Federal Judge Michael North ordered Ryan Harris jailed after an FBI agent testified about evidence linking the defendant and his girlfriend Jovanna Gardner to the 2020 murder of Cornelius Garrison.

Harris, 35, and Gardner, 39, were charged May 3 with witness tampering by murder in the fatal shooting of Garrison, an accused fellow con man who was shot by gunfire as he left his Gentilly apartment.

Harris and Gardner, who have a 4-year-old child together, were also charged with mail and wire fraud for their alleged involvement in some of the dozens of staged encounters and bogus lawsuits.

Friday’s detention hearing resembled a mini-trial, with FBI agent Chauncy Bradley revealing text messages, tracking of “burner” cell phones, surveillance video from a Dollar General store and, ultimately, the deadly ruse that tricked Garrison into to open its door September 22, 2020.

The agent testified that Garrison was shot 10 times, with a trail of shell casings extending from his front porch to his front living room. When the shooting began, Garrison’s final words were to his mother, who was in another room: “Get down.”

The agent said a pair of inexpensive disposable “burner” phones linked Harris and Gardner to the murder. Gardner, posing as a woman named “Kim,” allegedly lured Garrison into meeting her through a series of text messages the night he was shot, Bradley testified.

“I will come around 8:30 a.m.,” she wrote, according to the agent.

But Gardner was in New Orleans East at the time, while Harris’ phone pinged the block where Garrison lived on Foy Street at exactly the same time. Just after 8:30 a.m., a 9-1-1 call came in saying Garrison had been shot, Bradley said.

Bradley presented photos from a Dollar General store that showed Harris with Gardner on the same day her phone was purchased at the store.

Harris’ attorney, Christopher Murell, argued that the circumstantial evidence was outweighed by his client’s standing in the community as a father, provider, business owner and lifelong resident with no criminal record. A large group of Harris’ family and friends filled the courtroom Friday to show their support. Some of them sobbed as North ordered Harris held without bail.
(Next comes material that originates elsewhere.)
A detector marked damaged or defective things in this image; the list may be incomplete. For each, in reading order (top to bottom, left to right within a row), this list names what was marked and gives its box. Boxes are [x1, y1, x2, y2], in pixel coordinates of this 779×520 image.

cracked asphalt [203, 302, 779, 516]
Murell described the government’s evidence as unconvincing and that he was preparing for a vigorous defense.

“At best, there is very circumstantial, flimsy evidence of cell phone tracking,” Murell said. “We disagree with the judge’s conclusion that it was strong.”

Garrison secretly worked with the FBI in the months before his murder, Bradley said. His execution-style killing was a major setback as authorities tried to move up from small-time con artists and street organizers to lawyers and doctors who they said raked in millions of dollars through bogus lawsuits and even unnecessary surgeries.
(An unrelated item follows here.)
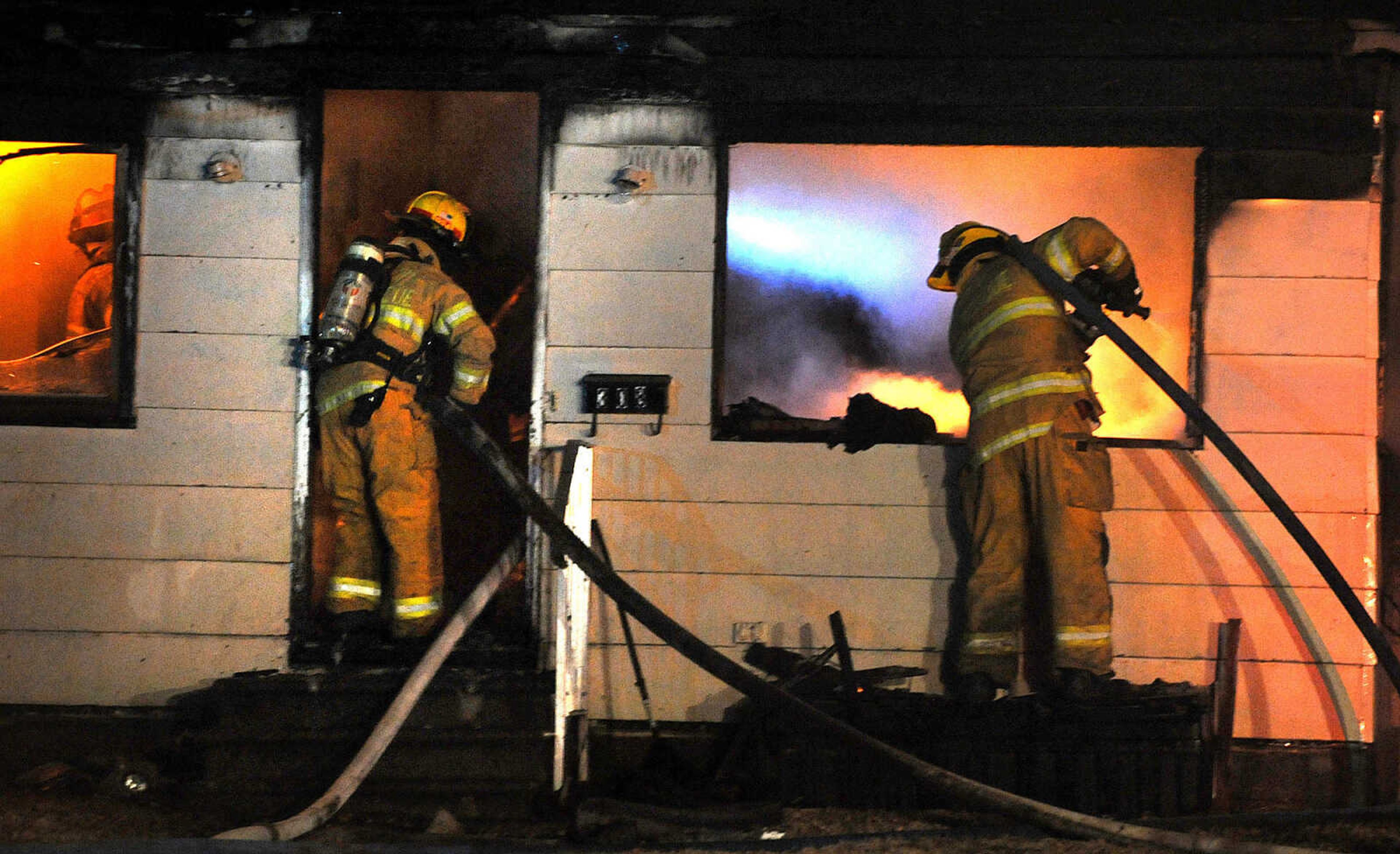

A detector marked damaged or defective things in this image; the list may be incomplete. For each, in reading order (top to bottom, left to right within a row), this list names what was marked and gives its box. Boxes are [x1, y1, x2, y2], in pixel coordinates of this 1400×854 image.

broken window frame [0, 142, 138, 428]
So far, 52 people have been charged in the case, 48 of whom have pleaded guilty. Despite the enormity of the case, only one attorney, Danny Patrick Keating, has pleaded guilty in return for his cooperation.
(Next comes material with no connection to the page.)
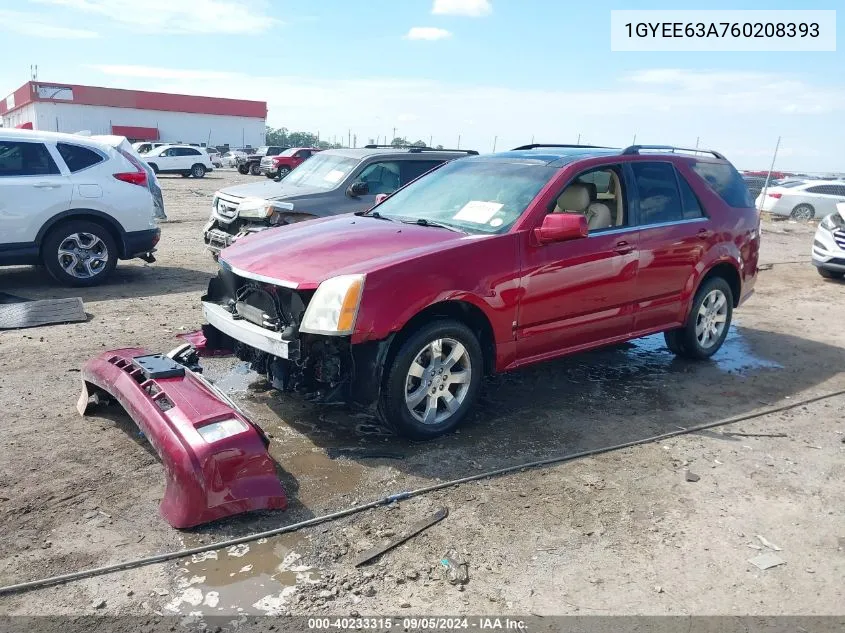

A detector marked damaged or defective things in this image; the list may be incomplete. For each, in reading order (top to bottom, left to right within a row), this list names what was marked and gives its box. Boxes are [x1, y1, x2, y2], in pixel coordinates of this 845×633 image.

That has sparked some criticism of the slow pace and poor findings of the five-year investigation, but several delays in Keating’s long-awaited sentencing led to speculation of bigger bombshells in the form of charges against lawyers or doctors.

The indictment of Harris and Gardner, who could face the rarely imposed federal death penalty in Garrison’s murder, is the most significant development in the case in several years.

Both defendants were clients of Hollywood stuntwoman-turned-lawyer Vanessa Motta, a central figure in the staged accident investigation after five truck accident lawsuits she filed on behalf of clients were frozen due to the lengthy federal investigation.

Bradley testified that a contract for Motta’s legal services was found at Harris’ auto repair shop, Harris R. Motors, on Cleary Avenue in Metairie.

Motta is listed as “Attorney B” in federal court documents. Her fiancé, Sean Alfortish, a disbarred attorney who served time in federal prison for an unrelated fraud case, is listed as “Co-conspirator A,” a phrase prosecutors typically use as a clear signal of criminal involvement.

Neither was collected.

It is estimated that the prevalence of accident fraud in Louisiana increases each Louisiana driver’s car insurance costs by at least $600 per year. While some hoped that the case, dubbed “Operation Sideswipe,” would help reduce these costs, suspect lawsuits are still before the courts and these savings have not been realized.